• **DATA EXCERPTS**:
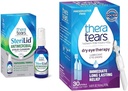 TheraTears SteriLid Eyelid Cleanser and Dry Eye Therapy Lubricant Eye Drops Bundle, 2 fl oz y 30 Vials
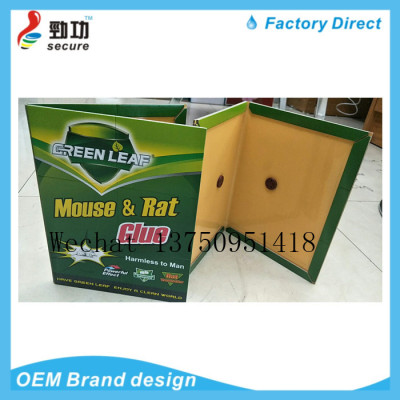 GREEN LEAF GREEN LEAF large peanut - scented sticky mouse board sticky mouse paste mice drug mouse cage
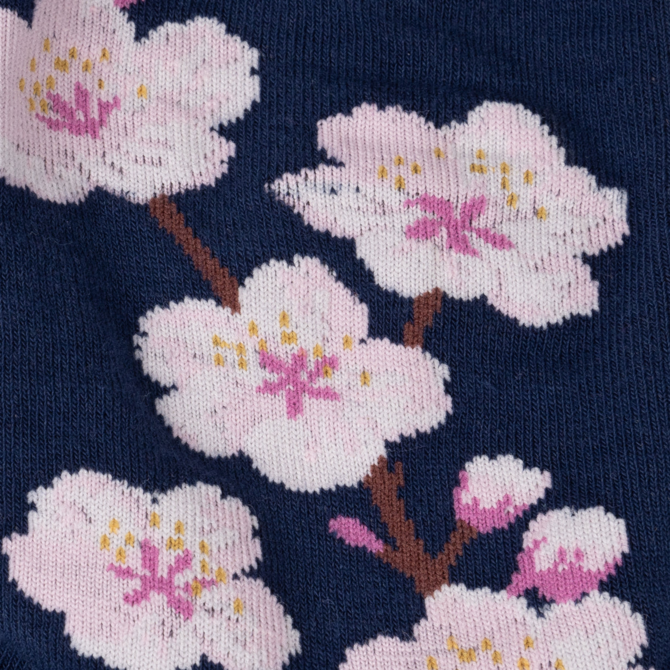 Sock It To Me CREW-CHERRY BLOSSOMS WMNS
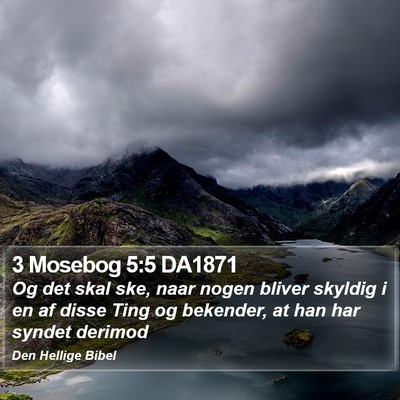 3 Mosebog 5:5 DA1871 Bible Verse Image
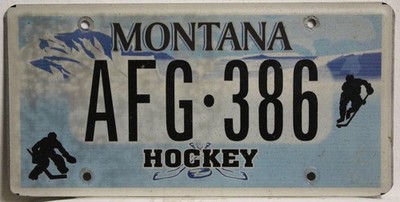 Montana Nummernschild USA Auto-Kennzeichen License Plate Hockey Sport Schild AFG
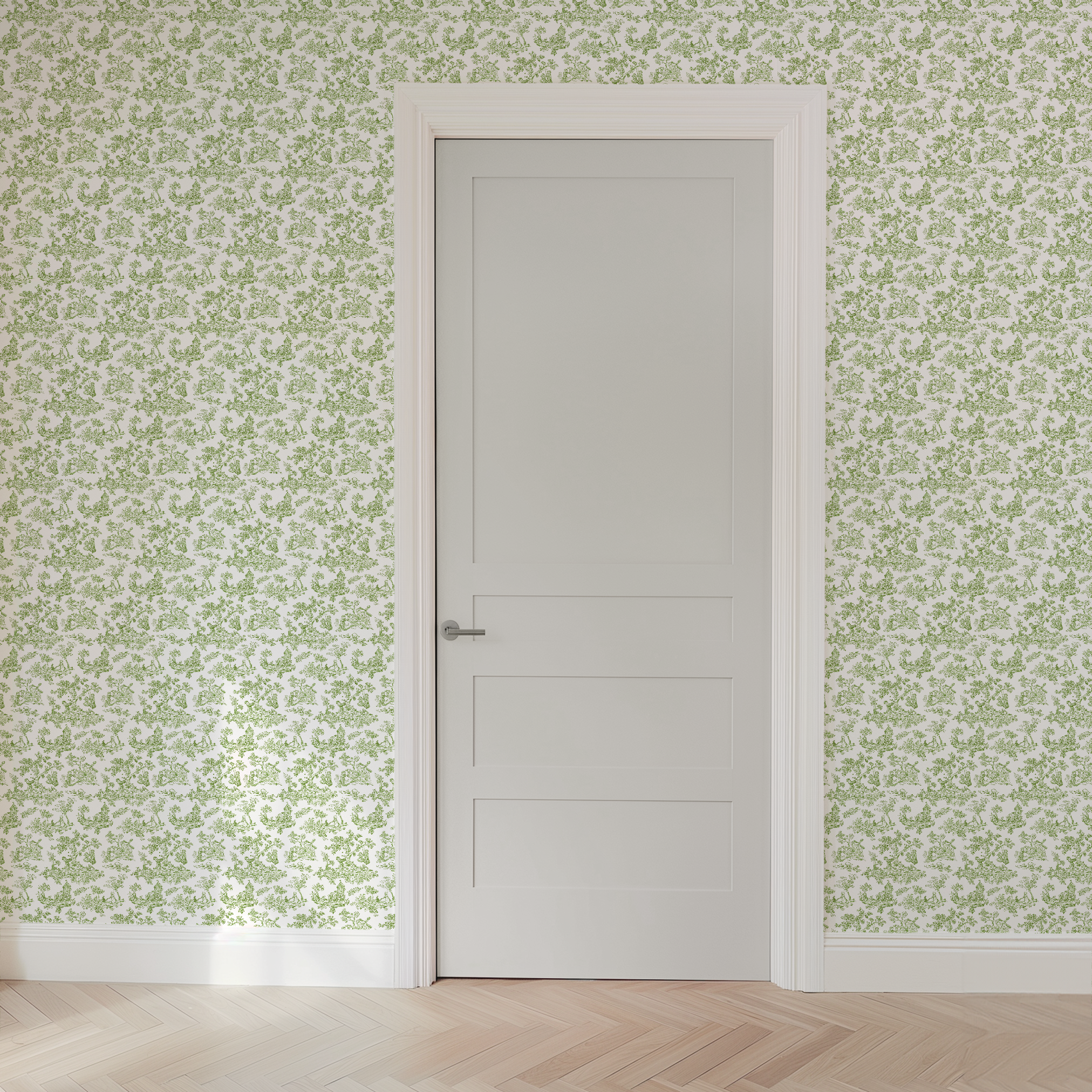 wallpaper door mockup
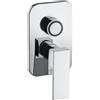 Fortis Scala rubinetto doccia monocomando, 2 uscite, Push, SET incluso corpo incasso, 84691BRPC, Scala cromo [Rubinetteria Bagno > Rubinetteria Doccia]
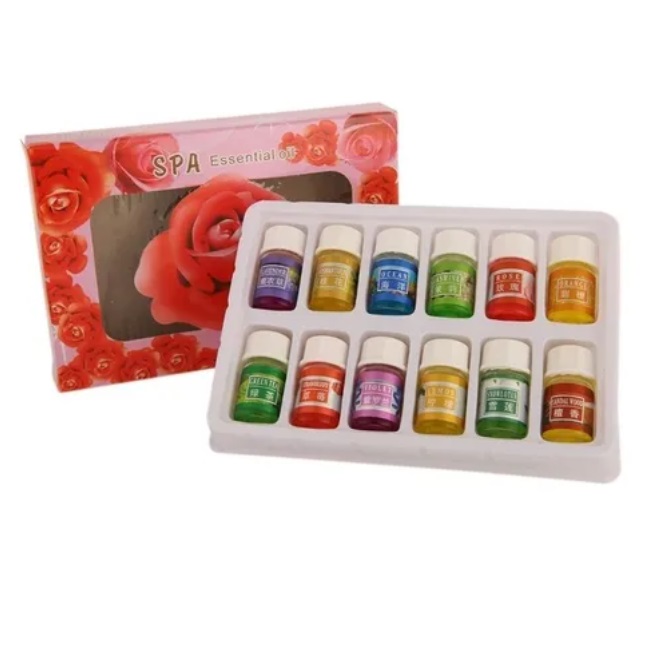  Difusor Humidificador Aromaterapia Ultrasonico M1 + 12 Esencias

• **ACTIVITY**:
Each line of the data above is to be output exactly; the pictures are not to appear.

• **OUTPUT OF THE EXERCISE**:
 TheraTears SteriLid Eyelid Cleanser and Dry Eye Therapy Lubricant Eye Drops Bundle, 2 fl oz y 30 Vials
 GREEN LEAF GREEN LEAF large peanut - scented sticky mouse board sticky mouse paste mice drug mouse cage
 Sock It To Me CREW-CHERRY BLOSSOMS WMNS
 3 Mosebog 5:5 DA1871 Bible Verse Image
 Montana Nummernschild USA Auto-Kennzeichen License Plate Hockey Sport Schild AFG
 wallpaper door mockup
 Fortis Scala rubinetto doccia monocomando, 2 uscite, Push, SET incluso corpo incasso, 84691BRPC, Scala cromo [Rubinetteria Bagno > Rubinetteria Doccia]
  Difusor Humidificador Aromaterapia Ultrasonico M1 + 12 Esencias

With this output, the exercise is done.